参考文献 Serious Asthma Events with Fluticasone plus Salmeterol versus Fluticasone Alone.

リンク  https://www.ncbi.nlm.nih.gov/pubmed/26949137

 

PMID:26949137

 

研究デザイン:ランダム化比較試験(非劣性試験) 非劣性マージン:2.0

 

論文のPECO

P:1年以内に重篤な症状悪化を経験した、12歳以上の持続的な喘息患者

E:フルチカゾンプロピオン酸(100㎍、250㎍、500㎍)+サルメテロール(50㎍)1日2回吸入

C:フルチカゾンプロピオン酸(100㎍、250㎍、500㎍)1日2回吸入

O:(Primary) 【安全性】重篤な喘息関連イベント(死亡、気管内挿管、入院)

       【有効性】最初の喘息症状の悪化

 

※除外基準

生命を脅かすような喘息経験者、年間10箱以上の喫煙者、不安定な喘息患者

 

ランダム化されているか?

→ランダム化されている

 

一次アウトカムは明確か?

→明確といえる

 

真のアウトカムか?

→真のアウトカム

 

盲検化されているか?

→二重盲検されている

 

均等に割り付けられているか

→均等に2群に割り付けられていると思われる

 

ITT解析を行われているか?

FAS解析

 

サンプルサイズ

→11664名(パワー90%、片側α=0.025)

 

脱落率は結果を覆すほどあるか?

→追跡率=99.3%(lost to follow-upはE群48名、C群37名)

 

追跡期間

→26週間

 

結果

【ベースライン】

平均年齢:E群:43.4±17.45歳 C群:43.4±17.28歳

 

【アウトカム】

重篤な喘息関連イベント(死亡、気管内挿管、入院)

E群:36件(34/5834名) vs C群:38件(33/5845名)

HR=1.03(95%CI:0.64~1.66) p=0.003 非劣性が成立

 

・最初の喘息症状の悪化

(全体)

E群:480/5834件(8%)vs C群:597/5845件(10%)

HR=0.79(95%CI:0.70~0.89) p<0.001

 

(過去のグルココルチコイド吸入またはnon-LABA療法でコントロール不良患者)

E群:91/1405件(6%)vs C群:106/1398件(8%)

HR=0.83(95%CI:0.63~1.10) p=0.20

 

(過去のグルココルチコイド+LABA吸入療法でコントロール不良患者)

E群:102/1016件(10%)vs C群:124/1040件(12%)

HR=0.84(95%CI:0.65~1.09) p=0.19

 

(過去のグルココルチコイド+LABA吸入療法でコントロール良好患者)

E群:239/2652件(9%)vs C群:304/2663件(11%)

HR=0.76(95%CI:0.65~0.91) p=0.002

 

(過去のグルココルチコイド吸入療法でコントロール良好患者)

E群:38/612件(6%)vs C群:54/608件(9%)

HR=0.68(95%CI:0.45~1.03) p=0.07

 

 

感想

 安全性のアウトカムは、グルココルチコイド単独群に対して、グルココルチコイドにサルメテロールを上乗せした群の非劣性が示されている。安全性に関しては、むしろ心血管イベントについてどうなのかという所を知りたい。

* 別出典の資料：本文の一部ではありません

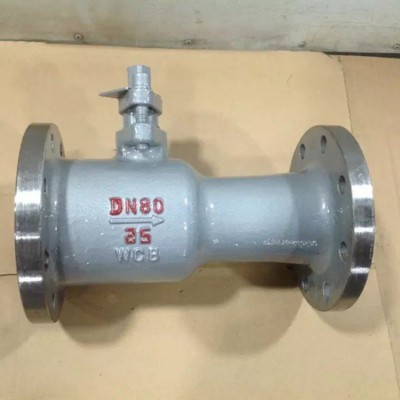 法兰高温球阀 Q41SM-16系列高温球阀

   有効性のアウトカムは、HR=0.79(95%CI:0.70~0.89) p<0.001と、サルメテロールを上乗せした方が有意に少ないという結果になっている。

 サブ解析を見ると、すでにグルココルチコイド単独または、グルココルチコイド+LABAでコントロール不良な患者では、喘息症状の悪化にE群とC群間で有意差もない。

 グルココルチコイド単独でコントロール良好な患者であれば、わざわざサルメテロールを上乗せする必要は無いように思われる。

 一方、グルココルチコイド+LABAで安定している患者では、ステロイド単独に安易に変えない方がいいのかな?とも感じた。この辺りは関連論文を見つけて読んでみようと思う。

 

今回も最後までお付き合い頂きありがとうございました。